Chrystèle Khodr, l’ordalie de la mémoire et du pouvoir

Dans sa nouvelle pièce, présentée début mai à Paris, la dramaturge et metteuse en scène interroge la responsabilité de sa génération née durant la guerre civile dans l’effondrement actuel du pays.

Chrystèle Khodr, l’ordalie de la mémoire et du pouvoir

Les quatre comédiens interprétant leur propre rôle dans la dernière pièce de Chrystèle Khodr « Ordalie ». De gauche à droite : Roy Dib, Rodrigue Sleiman, Tarek Yaacoub et Élie Njeim. Photo Marie Clauzade

Individus désœuvrés, adultes contrariés, citoyens démunis, mâles en mal de virilité, les quatre personnages nés au Liban dans les années 1980 qui racontent leur présent et leurs souvenirs sur la scène de la Maison de la culture de Seine-Saint-Denis (MC93 Bobigny) en ce mois de mai incarnent les maux de toute une génération venue du Moyen-Orient et d’ailleurs.
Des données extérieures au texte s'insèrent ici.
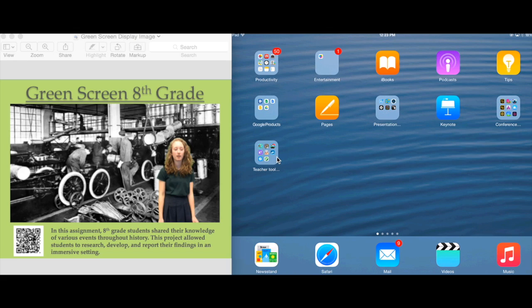Today we're going to be talking about a few apps that are really unique and can help in your curriculum and instructional practice, as well as displaying student work.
Face à eux, un public lui aussi quadragénaire, composé pour la plupart de Libanais, Syriens, ou franco-arabes, artistes ou amateurs d’art, regarde et écoute sa propre tragédie, comme dans un miroir.

Dans son nouvel opus Ordalie, comme dans ses précédentes pièces, Chrystèle Khodr aspire à parler avant tout des personnes – qu’elles soient sur scène ou dans le public –, et de ce qui nous réunit : l’amitié, l’espoir, le deuil, les rêves, les histoires tues, notre mémoire collective, notre imaginaire commun. Pour affronter l’amnésie et l’apathie générale en « passant à l’action », les comédiens s’entraînent à jouer quatre héros tirés de la pièce d’Ibsen Les Prétendants à la couronne  (1863) qui raconte un moment de l’histoire norvégienne du Moyen Âge où ont triomphé la paix et l’unité.

Mise en abîme libératrice

« Je me sens tellement démunie que ma seule action passe par le théâtre, la fiction est une forme de résistance à la situation que l’on vit », confie la dramaturge quadragénaire dans un entretien avec L’Orient-Le Jour. L’action de sa dernière pièce se déroule pendant la nuit du 1er septembre 2020 qui marque le centenaire de la création du Grand Liban par la puissance mandataire française. Ce jour-là, le président français Emmanuel Macron est en visite au Liban, et l’ancien Premier ministre libanais Saad Hariri – démissionnaire à la suite d’une insurrection populaire – est reconduit dans ses fonctions. Les proches des victimes de l’explosion au port de Beyrouth, le 4 août 2020, manifestent quotidiennement, et la livre libanaise poursuit sa chute libre. Dans le quartier de Gemmayzé, à Beyrouth, les habitants ont pris l’habitude de se réunir chaque soir autour des ruines. Une rumeur folle persiste : des battements de cœur ont été détectés sous les gravats. Mais celle-ci sera bientôt démentie, laissant place à une immense déception populaire.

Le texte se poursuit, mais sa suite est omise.